We also intended to explore if the REPS-%1RM relationship differs between concentric and eccentric muscle actions. However, only 1% of all data were from eccentric-only testing. Consequently, we could not determine whether different REPS ~ %1RM tables should exist for eccentric-only and traditional repetitions. Results from a small number of studies suggest that at equal relative loads, more eccentric-only than concentric-only repetitions can be completed at certain relative loads for some exercises [17, 169, 302]. If these results are replicated in future research, a REPS ~ %1RM table specific to eccentric muscle actions will be needed, particularly as eccentric resistance exercise is growing in popularity and new technologies are making its prescription more feasible [11, 18, 19].

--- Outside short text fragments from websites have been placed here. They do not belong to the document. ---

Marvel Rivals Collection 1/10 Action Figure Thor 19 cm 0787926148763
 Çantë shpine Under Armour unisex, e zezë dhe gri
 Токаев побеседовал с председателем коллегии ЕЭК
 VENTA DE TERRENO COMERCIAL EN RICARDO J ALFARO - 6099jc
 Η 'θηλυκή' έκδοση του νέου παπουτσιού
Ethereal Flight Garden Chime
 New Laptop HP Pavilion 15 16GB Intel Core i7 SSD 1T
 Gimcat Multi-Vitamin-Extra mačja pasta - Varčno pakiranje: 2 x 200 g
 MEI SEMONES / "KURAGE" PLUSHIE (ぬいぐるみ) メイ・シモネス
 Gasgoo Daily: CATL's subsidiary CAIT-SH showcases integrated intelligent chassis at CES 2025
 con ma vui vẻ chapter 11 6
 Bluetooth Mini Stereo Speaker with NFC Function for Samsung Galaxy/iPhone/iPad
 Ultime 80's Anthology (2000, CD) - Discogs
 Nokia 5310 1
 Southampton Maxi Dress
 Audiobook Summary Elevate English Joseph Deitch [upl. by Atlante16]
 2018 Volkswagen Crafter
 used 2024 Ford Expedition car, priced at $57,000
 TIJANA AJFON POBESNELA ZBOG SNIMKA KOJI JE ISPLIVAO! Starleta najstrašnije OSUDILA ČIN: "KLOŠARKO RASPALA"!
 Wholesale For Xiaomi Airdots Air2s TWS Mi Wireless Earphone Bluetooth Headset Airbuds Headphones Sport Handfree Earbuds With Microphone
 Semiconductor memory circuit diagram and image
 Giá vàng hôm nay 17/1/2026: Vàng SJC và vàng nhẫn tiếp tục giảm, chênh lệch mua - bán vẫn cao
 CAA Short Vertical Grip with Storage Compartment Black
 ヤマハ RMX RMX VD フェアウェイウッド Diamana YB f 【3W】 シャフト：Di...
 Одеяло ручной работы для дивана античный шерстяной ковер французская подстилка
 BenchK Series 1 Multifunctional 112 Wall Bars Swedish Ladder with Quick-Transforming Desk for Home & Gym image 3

4.1 Limitations and Future Research

The current study is not without limitations. Our search strategy did not follow standard guidelines for meta-analyses. The disadvantage of this strategy is that it makes future attempts to replicate the strategy challenging or impossible. Nevertheless, our search identified 269 studies, which is substantially more studies than the current REPS ~ %1RM table is based on (Table 1) [7]. Moreover, all references, analyses, and results from the current study have been made publicly available. Researchers are welcome to use the publicly available information to further explore the data or build from it. A second limitation of the current study is that the amount of data available did not permit formal analyses that might be of interest to some exercise practitioners, for example, whether the REPS ~ %1RM relationship differs between different types of athletes [92, 202, 237]. Some results suggest endurance athletes can perform more repetitions at loads ≤ 75% 1RM than can strength-power athletes [92, 202, 237]. Moving forward, the solution to such limitations is to collectmore data. More data is needed to provide more precise point estimates of the number of repetitions that individuals can be expected to complete across the relative loading spectrum. Most data from the REPS ~ %1RM relationship have been collected on healthy individuals who are aged 20–40 years. Thus, future research can examine the REPS ~ %1RM relationship in older adults, patient groups, and specific athlete groups. Future research can also explore the REPS ~ %1RM relationship for exercises that are commonly prescribed but for which minimal data are available (e.g., overhead press, lateral pulldown, seated row, triceps extension, knee flexion, calf raise). Last, only a relatively narrow range of repetition durations were reported with the magnitude of their impact being relatively small and uncertain. As some resistance training protocols employ long repetition durations and low repetition numbers (e.g., 6 repetitions at 10-s concentric and 10-s eccentric) [303], the REPS ~ %1RM relationship might differ at more extreme repetition durations, and thus further research can explore this topic.

5 Conclusions

The REPS ~ %1RM relationship is foundational knowledge in resistance exercise programming. It gives practitioners a sense of the relative loads that can be prescribed to allow for a certain number of repetitions to be completed. Though a general table of the REPS ~ %1RM relationship has been available for many years (Table 1), it has not incorporated uncertainty into point estimates or accounted for between-individuals variation in performance. We updated this table. After using meta-regression to analyze all available literature on repetitions-to-failure tests, we generated a main model table of estimates for mean repetitions and SDs and 95% CIs around the point estimates across the relative loading spectrum (Fig. 2). This table can be used to guide resistance exercise prescriptions for all individuals and for most exercises. However, because significantly more repetitions can be completed in the leg press than the bench press, separate tables should be referenced when prescribing resistance exercise for these two exercises (Figs. 3 and 4). Future research involving hundreds, if not thousands, of participants will be necessary to establish precise REPS ~ %1RM relationships for other exercises and specific populations.